Meet our main character, Squish. He’s a tiny bunny rabbit living amongst other beings that are significantly larger than him. Being so tiny can lead to all sorts of mishap…he’s hard to see (that’s how he got his name), no one takes notice of him or listens to his stories, and most of all, he’s terribly lonely being so little. He tries to make a pretend friend, but pretend friends can only do so much. He tries to play with the trees…but apparently they break rules. In a fit of despair Squish throws a tantrum, the results of which are nothing he could have foreseen. With an unexpected turn of events, Squish finds a way to make his voice much louder, and make a friend that makes him feel much bigger.
Just how do you go about depicting such a story line? There are plenty of mainstream ways surely, but author Katherine Battersby has come up with illustrations that are fantabulous and eclectic. She uses cut out pieces of material, such as cardboard or cloth, to make up things such as trees or flowers. It lends texture and depth to pages that are otherwise quite sparse. It’s the balance between the two that make this book ingenious. And Squish…let’s just say I am obsessed. He’s just a simple silhouette of a cartoony bunny rabbit, all black lines and asymmetric eyes. He is quite possibly one of the cutest characters I have stumbled upon recently.

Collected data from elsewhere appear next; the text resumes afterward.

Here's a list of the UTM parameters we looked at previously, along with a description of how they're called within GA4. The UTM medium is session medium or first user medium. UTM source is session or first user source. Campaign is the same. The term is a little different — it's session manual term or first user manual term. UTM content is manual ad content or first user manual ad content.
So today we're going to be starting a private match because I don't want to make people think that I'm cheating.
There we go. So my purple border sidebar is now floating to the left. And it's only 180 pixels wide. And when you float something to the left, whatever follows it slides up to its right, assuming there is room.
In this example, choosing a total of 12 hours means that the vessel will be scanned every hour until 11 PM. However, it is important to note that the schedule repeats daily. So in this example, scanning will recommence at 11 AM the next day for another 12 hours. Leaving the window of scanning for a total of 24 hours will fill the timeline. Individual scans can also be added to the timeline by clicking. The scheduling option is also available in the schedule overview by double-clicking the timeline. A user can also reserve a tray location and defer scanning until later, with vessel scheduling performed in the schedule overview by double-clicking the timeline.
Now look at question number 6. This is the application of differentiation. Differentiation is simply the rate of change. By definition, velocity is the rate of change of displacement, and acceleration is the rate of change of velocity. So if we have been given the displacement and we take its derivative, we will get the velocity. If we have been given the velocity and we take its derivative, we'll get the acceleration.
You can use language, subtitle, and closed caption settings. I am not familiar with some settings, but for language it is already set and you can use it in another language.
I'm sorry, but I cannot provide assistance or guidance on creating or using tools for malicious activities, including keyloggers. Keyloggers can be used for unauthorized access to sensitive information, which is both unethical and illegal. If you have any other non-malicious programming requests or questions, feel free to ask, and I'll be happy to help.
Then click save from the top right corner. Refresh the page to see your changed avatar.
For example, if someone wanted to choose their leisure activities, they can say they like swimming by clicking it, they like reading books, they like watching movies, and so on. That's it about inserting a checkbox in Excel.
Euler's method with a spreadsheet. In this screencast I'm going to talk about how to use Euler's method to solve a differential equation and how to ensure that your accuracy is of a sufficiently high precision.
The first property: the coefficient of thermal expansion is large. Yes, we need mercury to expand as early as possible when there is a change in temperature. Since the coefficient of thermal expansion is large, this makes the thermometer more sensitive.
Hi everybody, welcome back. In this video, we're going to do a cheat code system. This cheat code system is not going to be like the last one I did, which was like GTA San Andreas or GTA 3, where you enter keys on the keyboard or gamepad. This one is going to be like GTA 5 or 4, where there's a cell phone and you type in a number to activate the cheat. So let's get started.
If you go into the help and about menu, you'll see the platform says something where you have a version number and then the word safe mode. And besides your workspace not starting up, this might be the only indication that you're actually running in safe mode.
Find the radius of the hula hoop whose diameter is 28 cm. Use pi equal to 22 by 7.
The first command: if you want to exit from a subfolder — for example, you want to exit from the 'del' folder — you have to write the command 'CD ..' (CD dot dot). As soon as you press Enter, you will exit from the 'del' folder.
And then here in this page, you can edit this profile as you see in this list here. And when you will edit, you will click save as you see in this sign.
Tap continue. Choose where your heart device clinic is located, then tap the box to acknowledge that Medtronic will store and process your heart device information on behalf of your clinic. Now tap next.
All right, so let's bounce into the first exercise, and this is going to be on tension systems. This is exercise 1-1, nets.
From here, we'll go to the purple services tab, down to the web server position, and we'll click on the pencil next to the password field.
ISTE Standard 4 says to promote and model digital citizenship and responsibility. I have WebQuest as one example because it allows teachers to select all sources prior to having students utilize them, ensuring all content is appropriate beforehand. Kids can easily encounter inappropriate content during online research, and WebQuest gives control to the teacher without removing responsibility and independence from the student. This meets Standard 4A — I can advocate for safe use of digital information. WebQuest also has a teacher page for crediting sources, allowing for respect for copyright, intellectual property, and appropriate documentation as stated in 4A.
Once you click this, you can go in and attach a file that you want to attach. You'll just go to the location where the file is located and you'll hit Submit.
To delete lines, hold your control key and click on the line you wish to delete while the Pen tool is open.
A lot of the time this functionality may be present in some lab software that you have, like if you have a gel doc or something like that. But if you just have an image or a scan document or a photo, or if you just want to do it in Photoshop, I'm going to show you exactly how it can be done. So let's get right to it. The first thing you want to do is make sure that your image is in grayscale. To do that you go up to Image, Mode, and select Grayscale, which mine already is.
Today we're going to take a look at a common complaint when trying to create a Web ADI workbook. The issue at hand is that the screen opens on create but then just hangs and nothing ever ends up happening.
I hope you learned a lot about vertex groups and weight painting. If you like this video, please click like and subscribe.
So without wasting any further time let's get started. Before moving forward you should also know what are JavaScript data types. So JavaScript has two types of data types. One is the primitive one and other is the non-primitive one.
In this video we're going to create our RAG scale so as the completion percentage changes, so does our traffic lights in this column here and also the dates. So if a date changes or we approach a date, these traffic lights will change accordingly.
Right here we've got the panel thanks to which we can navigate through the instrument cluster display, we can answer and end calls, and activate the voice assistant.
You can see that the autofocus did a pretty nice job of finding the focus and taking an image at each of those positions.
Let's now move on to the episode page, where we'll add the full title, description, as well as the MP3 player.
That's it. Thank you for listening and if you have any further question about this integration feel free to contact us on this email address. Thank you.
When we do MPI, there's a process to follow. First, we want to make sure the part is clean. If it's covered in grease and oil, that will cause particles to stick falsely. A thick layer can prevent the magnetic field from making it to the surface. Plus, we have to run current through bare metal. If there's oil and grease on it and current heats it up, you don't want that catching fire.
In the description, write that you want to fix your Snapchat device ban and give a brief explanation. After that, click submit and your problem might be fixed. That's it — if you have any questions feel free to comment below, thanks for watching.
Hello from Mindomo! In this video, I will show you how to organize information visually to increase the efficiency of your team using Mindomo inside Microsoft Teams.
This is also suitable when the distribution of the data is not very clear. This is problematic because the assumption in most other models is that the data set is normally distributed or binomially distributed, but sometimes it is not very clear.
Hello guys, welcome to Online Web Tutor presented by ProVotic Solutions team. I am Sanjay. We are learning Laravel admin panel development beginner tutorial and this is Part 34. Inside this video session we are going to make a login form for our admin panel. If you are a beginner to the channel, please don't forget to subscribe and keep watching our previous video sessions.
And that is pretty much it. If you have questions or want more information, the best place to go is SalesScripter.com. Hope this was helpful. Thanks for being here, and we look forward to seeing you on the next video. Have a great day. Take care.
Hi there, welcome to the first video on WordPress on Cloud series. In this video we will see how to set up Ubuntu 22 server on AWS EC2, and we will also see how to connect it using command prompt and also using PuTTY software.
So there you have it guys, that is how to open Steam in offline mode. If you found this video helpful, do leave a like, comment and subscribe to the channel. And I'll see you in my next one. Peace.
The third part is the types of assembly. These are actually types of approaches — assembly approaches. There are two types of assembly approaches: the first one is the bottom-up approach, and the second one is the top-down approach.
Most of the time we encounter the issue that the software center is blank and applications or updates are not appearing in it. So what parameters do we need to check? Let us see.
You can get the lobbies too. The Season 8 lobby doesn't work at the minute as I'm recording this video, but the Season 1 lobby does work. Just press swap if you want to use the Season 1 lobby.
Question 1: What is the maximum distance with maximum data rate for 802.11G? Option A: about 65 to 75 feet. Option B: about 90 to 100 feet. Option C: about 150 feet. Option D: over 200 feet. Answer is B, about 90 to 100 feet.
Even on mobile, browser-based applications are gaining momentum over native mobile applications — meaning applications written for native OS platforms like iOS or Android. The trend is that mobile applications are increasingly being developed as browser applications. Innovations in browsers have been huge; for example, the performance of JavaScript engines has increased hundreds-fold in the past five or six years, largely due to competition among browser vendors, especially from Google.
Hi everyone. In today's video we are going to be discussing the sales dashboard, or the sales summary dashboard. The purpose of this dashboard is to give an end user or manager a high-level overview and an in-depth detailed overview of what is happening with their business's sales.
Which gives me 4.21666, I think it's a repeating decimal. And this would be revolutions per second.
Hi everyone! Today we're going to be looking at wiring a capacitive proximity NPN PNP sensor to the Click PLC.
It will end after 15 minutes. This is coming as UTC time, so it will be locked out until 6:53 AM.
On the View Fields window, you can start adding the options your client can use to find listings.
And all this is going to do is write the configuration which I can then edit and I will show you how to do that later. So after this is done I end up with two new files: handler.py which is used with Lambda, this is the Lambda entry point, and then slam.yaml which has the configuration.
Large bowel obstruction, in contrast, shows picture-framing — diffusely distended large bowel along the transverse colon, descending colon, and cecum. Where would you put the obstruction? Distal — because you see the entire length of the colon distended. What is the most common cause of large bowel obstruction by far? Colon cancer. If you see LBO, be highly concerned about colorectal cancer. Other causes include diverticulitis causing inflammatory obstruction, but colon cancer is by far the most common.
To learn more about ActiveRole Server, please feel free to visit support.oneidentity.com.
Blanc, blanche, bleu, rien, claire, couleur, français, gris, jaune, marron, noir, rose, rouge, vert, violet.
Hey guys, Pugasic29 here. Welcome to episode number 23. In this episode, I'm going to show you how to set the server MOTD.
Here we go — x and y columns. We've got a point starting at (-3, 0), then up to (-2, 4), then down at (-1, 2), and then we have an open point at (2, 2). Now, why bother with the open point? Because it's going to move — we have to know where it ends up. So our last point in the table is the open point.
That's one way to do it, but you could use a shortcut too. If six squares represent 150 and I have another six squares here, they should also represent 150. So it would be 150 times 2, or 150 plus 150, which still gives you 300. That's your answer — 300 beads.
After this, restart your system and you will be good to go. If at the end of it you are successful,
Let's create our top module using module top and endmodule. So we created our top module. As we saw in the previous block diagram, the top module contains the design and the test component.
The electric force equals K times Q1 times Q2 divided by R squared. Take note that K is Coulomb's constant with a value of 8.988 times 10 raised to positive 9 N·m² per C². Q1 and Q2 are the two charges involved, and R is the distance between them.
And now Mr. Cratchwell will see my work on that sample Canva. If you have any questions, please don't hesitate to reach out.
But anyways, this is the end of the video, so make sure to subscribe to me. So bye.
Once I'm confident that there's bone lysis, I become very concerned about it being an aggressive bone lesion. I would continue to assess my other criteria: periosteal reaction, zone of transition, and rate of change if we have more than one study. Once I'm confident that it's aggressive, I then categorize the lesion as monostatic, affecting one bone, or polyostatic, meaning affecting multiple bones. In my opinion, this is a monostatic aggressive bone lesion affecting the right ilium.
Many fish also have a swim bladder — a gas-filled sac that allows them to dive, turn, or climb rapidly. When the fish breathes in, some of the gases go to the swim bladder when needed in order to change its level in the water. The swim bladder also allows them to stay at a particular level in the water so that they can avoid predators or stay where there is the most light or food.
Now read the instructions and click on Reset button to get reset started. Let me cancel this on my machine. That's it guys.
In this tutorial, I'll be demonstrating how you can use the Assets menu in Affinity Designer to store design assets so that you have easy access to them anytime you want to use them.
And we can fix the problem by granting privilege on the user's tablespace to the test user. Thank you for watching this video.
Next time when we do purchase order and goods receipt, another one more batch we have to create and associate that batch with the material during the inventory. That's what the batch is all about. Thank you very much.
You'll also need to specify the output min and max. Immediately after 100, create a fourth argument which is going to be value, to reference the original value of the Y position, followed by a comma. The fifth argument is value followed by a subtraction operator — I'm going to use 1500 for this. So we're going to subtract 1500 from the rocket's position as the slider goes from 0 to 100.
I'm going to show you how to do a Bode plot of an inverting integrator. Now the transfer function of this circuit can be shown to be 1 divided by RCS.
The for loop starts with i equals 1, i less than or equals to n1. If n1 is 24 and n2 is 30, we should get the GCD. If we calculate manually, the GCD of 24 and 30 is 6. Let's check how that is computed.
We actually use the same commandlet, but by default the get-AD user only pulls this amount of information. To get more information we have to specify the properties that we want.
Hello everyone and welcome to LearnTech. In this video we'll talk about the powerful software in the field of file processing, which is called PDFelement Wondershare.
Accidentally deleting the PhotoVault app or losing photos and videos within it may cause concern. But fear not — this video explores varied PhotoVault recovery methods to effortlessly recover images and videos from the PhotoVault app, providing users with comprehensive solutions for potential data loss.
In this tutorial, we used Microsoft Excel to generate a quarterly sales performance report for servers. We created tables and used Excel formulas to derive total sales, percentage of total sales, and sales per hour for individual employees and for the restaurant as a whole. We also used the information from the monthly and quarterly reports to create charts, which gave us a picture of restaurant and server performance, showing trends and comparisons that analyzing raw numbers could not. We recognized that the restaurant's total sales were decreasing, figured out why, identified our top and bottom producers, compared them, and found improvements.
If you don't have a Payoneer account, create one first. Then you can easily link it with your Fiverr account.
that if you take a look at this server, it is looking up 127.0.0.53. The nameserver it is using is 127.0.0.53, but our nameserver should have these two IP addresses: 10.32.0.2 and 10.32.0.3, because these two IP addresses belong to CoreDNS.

I think perhaps I like this book so much because I can relate to it. I maxed out at age seventeen around the height of 5’2. I distinctly remember that moment at the doctor’s office when I hopefully asked how much taller I would get and the doctor said “Actually, your growth plates have closed.” It was like my life flashed before my eyes. I remembered all the times I had to crane my neck at the movies or a concert, all the times I nearly got trampled when school got out for the day, the book I had to stick under my butt so I could see over the steering wheel when I drove…I was, essentially, doomed to live the rest of my life like that. It was dreadful, but I had something that made it bearable-a best friend who was as short as me (maybe even a little shorter.) United we stood, divided…we got knocked over.
Needless to say I can fully appreciate the impact a good friend can have on one’s life, whether or not you’re tiny, whether or not people hear your voice. Having someone to listen to you and having someone to spend time with makes all the difference in the world, no matter who you are. It’s a good moral for kids- and one that pours off of every page of this book. Sure there’s plenty of children’s books with themes about friendship out there, but few of them have had quite as huge (pun intended)an impact as Squish Rabbit.